When you get, when you place an order directly on the Apple Store, you get a goodie. You get, get the same price, but you get a goodie. They, they say you can have a, a writing on your iPhone, a dedication or whatever, and this, clearly they try to bring the consumer directly on their platform to get the middleman out. This is a trend, we also see. In fashion, this is just this omni-channel has started, and this is, clearly still going on, going further. There, there we see also that the store inventory can be reduced if you have a good online channel.

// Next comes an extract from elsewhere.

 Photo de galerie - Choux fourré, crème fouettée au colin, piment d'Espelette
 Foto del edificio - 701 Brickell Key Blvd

Consumers can go into a store, they can try their sneakers, and they can say at the end, I want to take it with me, or, Please ship it for free at my home. This is where they say, if a consumer start to add the second one, I try it in the store, but then I get it shipped to my home, next day delivery, then this could be a big potential to reduce overall stock, because you can reduce the stock in the individual stores, and you have a bigger stock in a central warehouse. Industry, automotive, these are the normal cyclical businesses. There we expect, up and downs also in the future. It's not something where we say this is now the, the driver for the next years, but, clearly also a growing industry. Does this answer your question?
Yes. Thank you.
The next question comes from the line of Emrah Basic with Barclays . Please go ahead.
Yes. Hi, good morning. I have just one quick one left. You mentioned the prices are in the market now. I'm not sure if a number was mentioned, but how much approximately out of the - 13.5% local currency growth was price growth?

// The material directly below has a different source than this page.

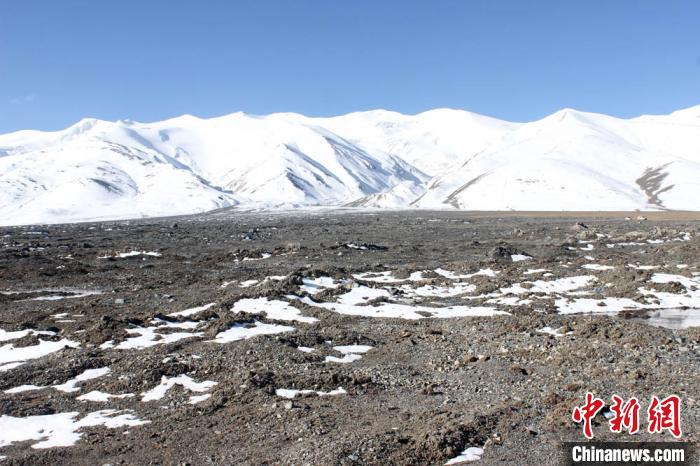 2019年10月冰體融化后遺留下的碎屑物。中科院青藏高原所 供圖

Sorry, can you repeat? I didn't get this acoustically. The mark-
Yeah.
The price in the market and then the next one.
Yeah. Just how much, out of the local currency growth of - 13.5% was approximately price growth?
This figure we don't have. We don't have the impact of the currency on all lines of the income statement.
I didn't mean the currency, just, just the, the pricing, impact of the pricing on growth or otherwise.
This we don't have. No, we do the pricing on the entire product hierarchy. The pricing has never been a universal price increase per product group. It's always on the component base, and we cannot, we don't have this detail.
Okay. Thank you very much.
Thank you.
Ladies and gentlemen, there are no more questions. I will hand over back to Interroll for any closing remarks.
Yeah, maybe just, give the participants a minute if somebody else would like to ask a question. If not, we would close. Just, hold for a minute. Okay. Seems to be that there are no further questions. I would like to thank all the participants and say goodbye. Thank you very much.